■ YOUR TASK
Please write out, exactly, every line of the listing from its first line through the one that includes "Une jeune fille".

■ WORKING DATA
--------------------------------------------------
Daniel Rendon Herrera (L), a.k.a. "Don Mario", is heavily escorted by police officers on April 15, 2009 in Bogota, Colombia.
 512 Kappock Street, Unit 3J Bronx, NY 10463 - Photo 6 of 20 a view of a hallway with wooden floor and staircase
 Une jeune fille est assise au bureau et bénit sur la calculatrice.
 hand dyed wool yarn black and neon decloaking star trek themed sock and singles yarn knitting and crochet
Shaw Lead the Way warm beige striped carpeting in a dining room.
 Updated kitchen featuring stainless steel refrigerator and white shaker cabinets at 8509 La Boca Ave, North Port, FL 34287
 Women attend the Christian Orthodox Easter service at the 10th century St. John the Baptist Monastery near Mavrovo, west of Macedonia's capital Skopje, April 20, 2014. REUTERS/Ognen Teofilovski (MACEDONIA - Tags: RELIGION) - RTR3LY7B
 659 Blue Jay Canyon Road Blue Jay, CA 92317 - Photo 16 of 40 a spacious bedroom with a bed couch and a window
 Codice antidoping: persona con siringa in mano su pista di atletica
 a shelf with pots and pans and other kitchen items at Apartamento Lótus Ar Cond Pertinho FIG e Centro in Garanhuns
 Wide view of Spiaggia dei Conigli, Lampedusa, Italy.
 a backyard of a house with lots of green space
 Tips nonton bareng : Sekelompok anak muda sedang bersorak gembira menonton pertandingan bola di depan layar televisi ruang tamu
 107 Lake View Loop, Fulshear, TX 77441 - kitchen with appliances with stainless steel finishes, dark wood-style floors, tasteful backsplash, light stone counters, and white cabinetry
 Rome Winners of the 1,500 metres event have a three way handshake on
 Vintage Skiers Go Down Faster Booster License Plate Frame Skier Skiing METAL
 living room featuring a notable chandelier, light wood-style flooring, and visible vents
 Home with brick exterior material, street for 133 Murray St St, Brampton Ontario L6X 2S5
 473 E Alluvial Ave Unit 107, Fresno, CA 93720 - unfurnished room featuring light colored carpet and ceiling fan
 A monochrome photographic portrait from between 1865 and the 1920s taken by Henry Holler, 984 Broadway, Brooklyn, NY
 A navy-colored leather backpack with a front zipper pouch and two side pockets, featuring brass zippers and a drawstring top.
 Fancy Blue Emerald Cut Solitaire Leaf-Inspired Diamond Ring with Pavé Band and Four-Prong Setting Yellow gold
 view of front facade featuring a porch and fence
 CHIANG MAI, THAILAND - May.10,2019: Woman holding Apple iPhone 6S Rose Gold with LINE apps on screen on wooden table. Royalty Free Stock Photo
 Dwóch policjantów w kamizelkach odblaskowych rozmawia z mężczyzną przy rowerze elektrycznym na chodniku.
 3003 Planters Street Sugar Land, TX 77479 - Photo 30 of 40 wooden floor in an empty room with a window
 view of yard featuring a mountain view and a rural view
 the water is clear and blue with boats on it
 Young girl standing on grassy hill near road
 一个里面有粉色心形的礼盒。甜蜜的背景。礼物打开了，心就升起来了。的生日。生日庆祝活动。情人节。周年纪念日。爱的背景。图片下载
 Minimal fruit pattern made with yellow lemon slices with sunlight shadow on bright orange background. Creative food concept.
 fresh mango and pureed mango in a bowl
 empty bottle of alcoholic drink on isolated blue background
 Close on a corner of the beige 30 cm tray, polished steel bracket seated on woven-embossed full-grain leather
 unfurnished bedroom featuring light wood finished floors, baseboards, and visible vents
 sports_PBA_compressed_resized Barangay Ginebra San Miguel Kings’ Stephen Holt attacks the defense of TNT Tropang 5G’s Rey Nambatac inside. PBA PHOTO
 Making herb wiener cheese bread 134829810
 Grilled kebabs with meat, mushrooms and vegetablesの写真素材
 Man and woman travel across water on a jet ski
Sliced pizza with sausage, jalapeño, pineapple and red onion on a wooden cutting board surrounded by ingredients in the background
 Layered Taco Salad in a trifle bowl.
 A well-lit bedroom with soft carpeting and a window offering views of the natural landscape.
--------------------------------------------------
■ SOLUTION TO THIS PROBLEM
Daniel Rendon Herrera (L), a.k.a. "Don Mario", is heavily escorted by police officers on April 15, 2009 in Bogota, Colombia.
 512 Kappock Street, Unit 3J Bronx, NY 10463 - Photo 6 of 20 a view of a hallway with wooden floor and staircase
 Une jeune fille est assise au bureau et bénit sur la calculatrice.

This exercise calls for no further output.